Sect. 5.—Temperature of the Atmosphere.

I may notice, as important additions to our knowledge on this subject, the results of four balloon ascents made in 1852,[15] by the Committee of the Meteorological Observatory established at Kew by the British Association for the Advancement of Science. In these ascents the observers mounted to more than 13,000, 18,000, and 19,000 feet, and in the last to 22,370; by which ascent the temperature fell from 49 degrees to nearly 10 degrees below zero; and the dew-point fell from 37° to 12°. Perhaps the most marked result of these observations is the [608] following:—The temperature of the air decreases uniformly as we ascend above the earth’s surface; but this decrease does not go on continuously. At a certain elevation, varying on different days, the decrease is arrested: and for a depth of two or three thousand feet of air, the temperature decreases little, or even increases in ascending. Above this, the diminution again takes place at nearly the same rate as in the lower regions. This intermediate region of undecreasing temperature extended in the various ascents, from about altitude 4000 to 6000 feet, 6500 to 10,000, 2000 to 4500, and 4000 to 8000. This interruption in the decrease of temperature is accompanied by a large and abrupt fall in the temperature of the dew-point, or by an actual condensation of vapor. Thus, this region is the region of the clouds, and the increase of heat appears to arise from the latent heat liberated when aqueous vapor is formed into clouds.

[15] Phil. Trans. 1853.


CHAPTER IV.
Theories of Heat.


The Dynamical Theory of Heat.

THAT the transmission of radiant Heat takes place by means of the vibrations of a medium, as the transmission of Sound certainly does, and the transmission of Light most probably, is a theory which, as I have endeavored to explain, has strong arguments and analogies in its favor.
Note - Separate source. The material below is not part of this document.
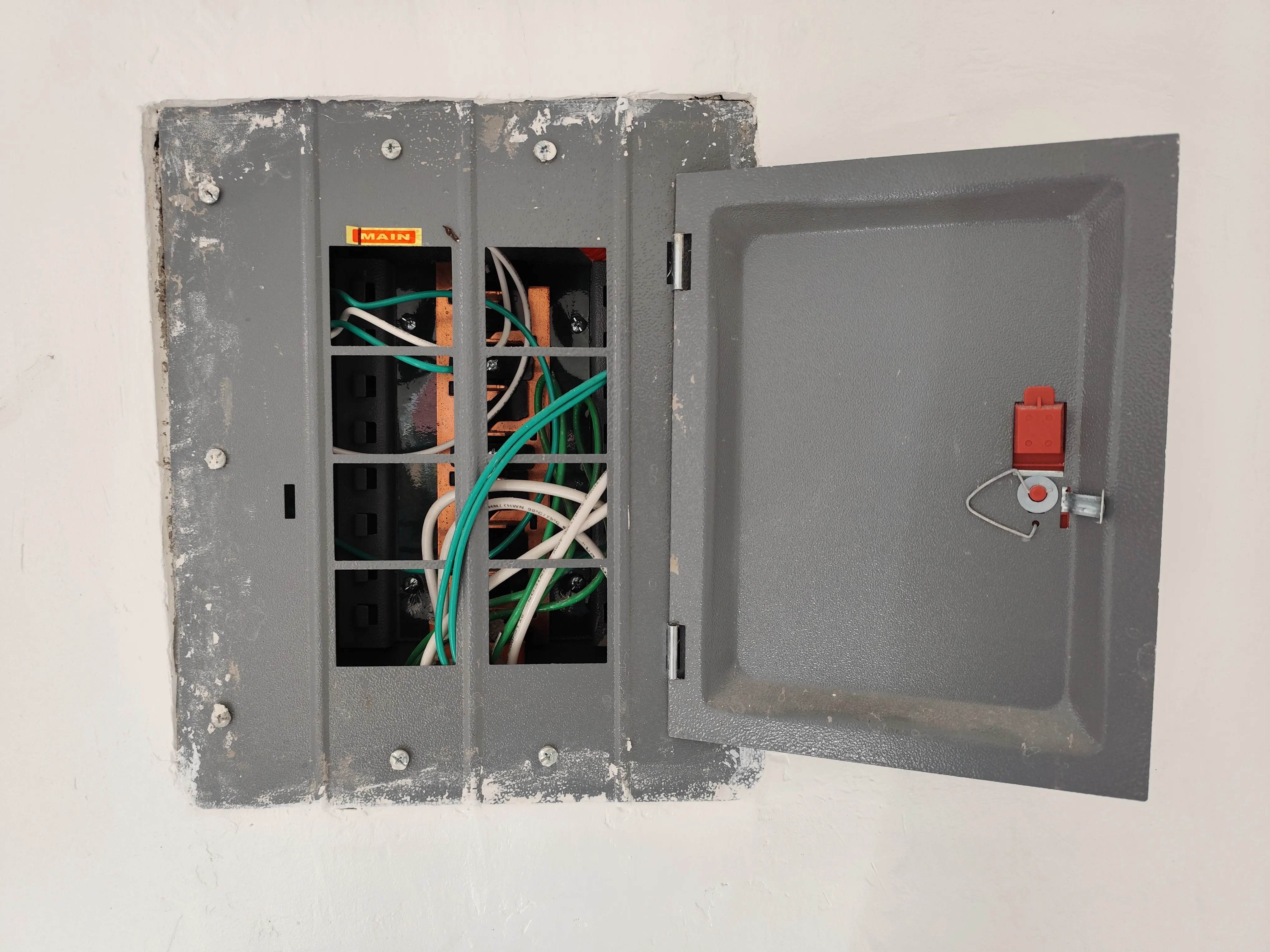 Finished Electrical Installation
But that Heat itself, in its essence and quantity, is Motion is a hypothesis of quite another kind. This hypothesis has been recently asserted and maintained with great ability. The doctrine thus asserted is, that Motion may be converted into Heat, and Heat into Motion; that Heat and Motion may produce each other, as we see in the rarefaction and condensation of air, in steam-engines, and the like: and that in all such cases the Motion produced and the Heat expended exactly measure each other. The foundation of this theory is conceived to have been laid by Mr. Joule of Manchester, in 1844: and it has since been prosecuted by him and by Professor Thomson of Glasgow, by experimental investigations of various kinds. It is difficult to make these experiments so as to be quite satisfactory; for it is [609] difficult to measure all the heat gained or lost in any of the changes here contemplated. That friction, agitation of fluids, condensation of gases, conversion of gases into fluids and liquids into solids, produce heat, is undoubted: and that the quantity of such heat may be measured by the mechanical force which produces it, or which it produces, is a generalization which will very likely be found a fertile source of new propositions, and probably of important consequences.
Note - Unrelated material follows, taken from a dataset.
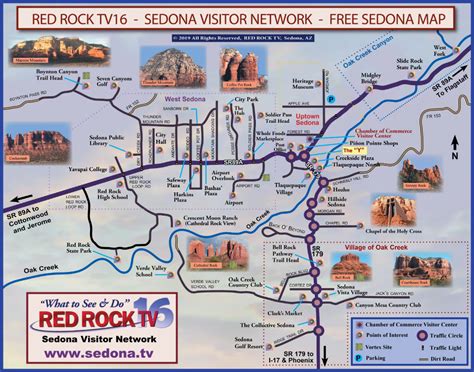 Hiking Trails Sedona Az Map - Hiking Info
As an example of the conclusions which Professor Thomson draws from this doctrine of the mutual conversion of motion and heat, I may mention his speculations concerning the cause which produces and sustains the heat of the sun.[16] He conceives that the support of the solar heat must be meteoric matter which is perpetually falling towards the globe of the sun, and has its motion converted into heat. He inclines to think that the meteors containing the stores of energy for future Sun-light must be principally within the earth’s orbit; and that we actually see them there as the “Zodiacal Light,” an illuminated shower, or rather tornado, of stones. The inner parts of this tornado are always getting caught in the Sun’s atmosphere, and drawn to his mass by gravitation.

[16] On the Mechanical Energies of the Solar System. Edinb. Trans. vol. XXI. part i. (1854), p. 67.